PMI suggests that a the planning phase is significantly underrated on most projects. As a guide, they suggest that 30% of a project should be spent in the first two process groups. Although this includes planning during the project (reviewing schedules and resources, performing risk analyses, etc.) most people would agree that most projects don’t receive this kind of planning effort.
The project management plan developed during the planning phase contains the schedule, budget, and any other item that defines the “plan” for the project. It should be approved by the project sponsor, and any changes during the project’s execution phase should be documented in a change log and re-approved.
Throughout these phases the project manager employs ten knowledge areas. The actions within each knowledge area are employed at any time but there are generally times at which each is useful:
- Integration management. The bigger picture stuff that doesn’t fit into specific knowledge areas, like writing the project management plan, dealing with project changes, etc.
- Scope management. Defining the project scope and ensuring it doesn’t change except when specifically planned for (scope creep).
- Time management. Developing the project schedule and ensuring the project stays on schedule.

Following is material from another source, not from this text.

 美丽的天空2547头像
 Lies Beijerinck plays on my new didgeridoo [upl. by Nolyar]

- Cost management. Estimating the project’s cost and ensuring the project stays under budget.
- Quality management. Determining what the quality standards for the project are, and how the project will meet those standards.

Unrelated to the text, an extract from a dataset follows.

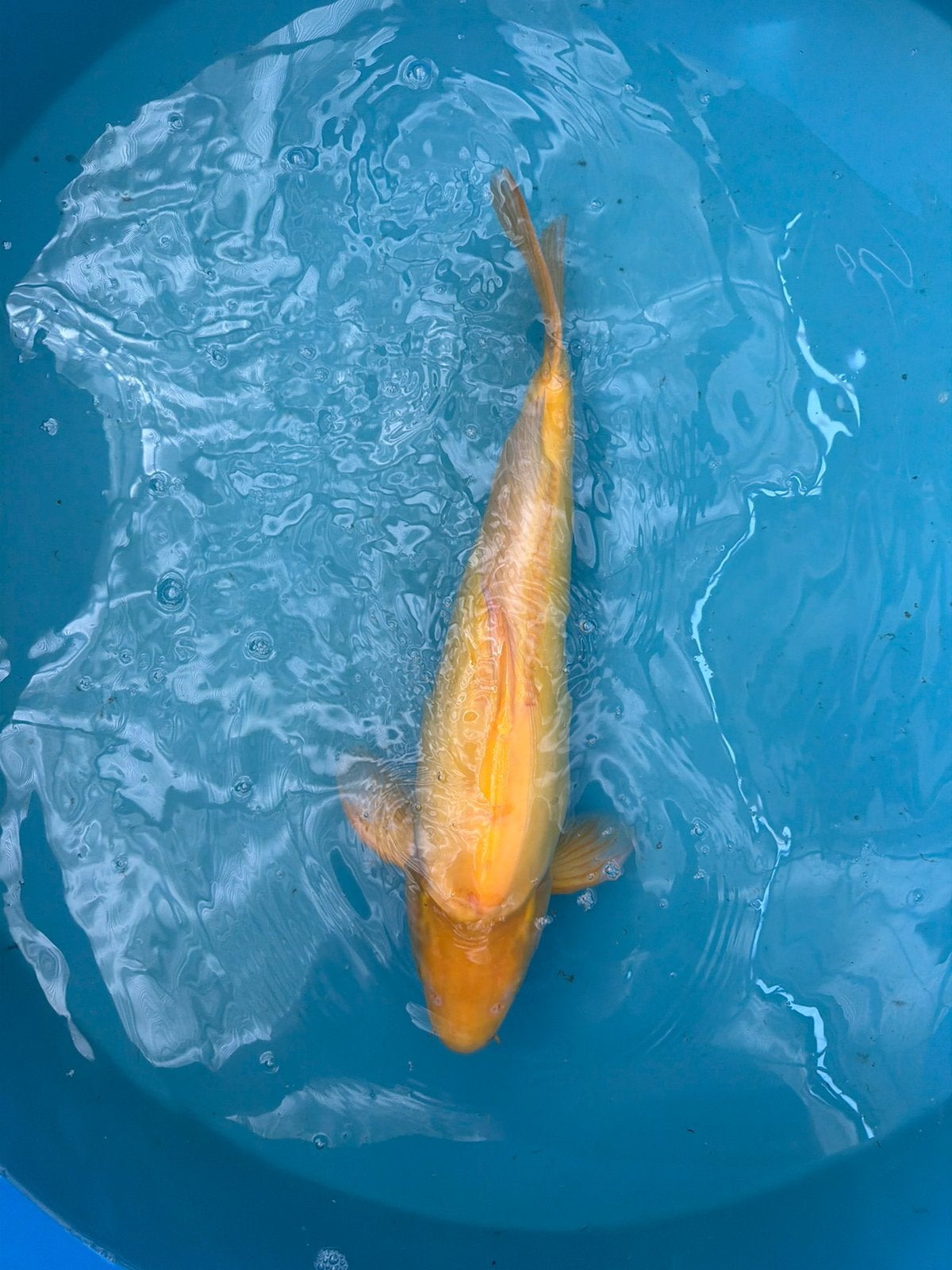 Japanse koi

- Human resource management. Defining the job responsibilities of the project team, acquiring the personnel and and giving them the tools to succeed.
- Communications management. Establishing the communications needs of the project.
- Risk management. Determining the biggest risks to the successful completion of the project, how they will be mitigated, controlled, or transferred, and developing written response plans where necessary.
- Procurement management. Itemizing the external vendors required to complete the project and determining how they will be managed.
- Stakeholder management. Defining the project’s stakeholders and analyzing their needs.
Unlike other types of projects, engineering projects have a tendency to need a broad range of these rather than specialize in one or two.
Project Organizational Chart
The generic project organizational chart is as follows:
- Project Sponsor. This is the person that accepts the project’s deliverables. Whether inside or outside the organization, they also authorize the project and approve project funding. They are one level above the project manager.
- Project Manager. The person who manages the day to day project activities and on whom responsibility for the project’s success or failure rests.
- Project Team. The people who perform the technical project work, on time, on budget, and to the specifications developed within the project management plan.
- Stakeholders. Anyone who has an interest in the project. From government regulatory bodies to adjacent landowners to funding agencies, they can all derail the project and need to be managed.
Project Management Software
Project management software tends to be specific to the discipline, for example, Primavera P6 for civil contractors. But in the absence of specific software in your industry, Microsoft Project tends to be widely used. It has pretty good scheduling, time and scope management.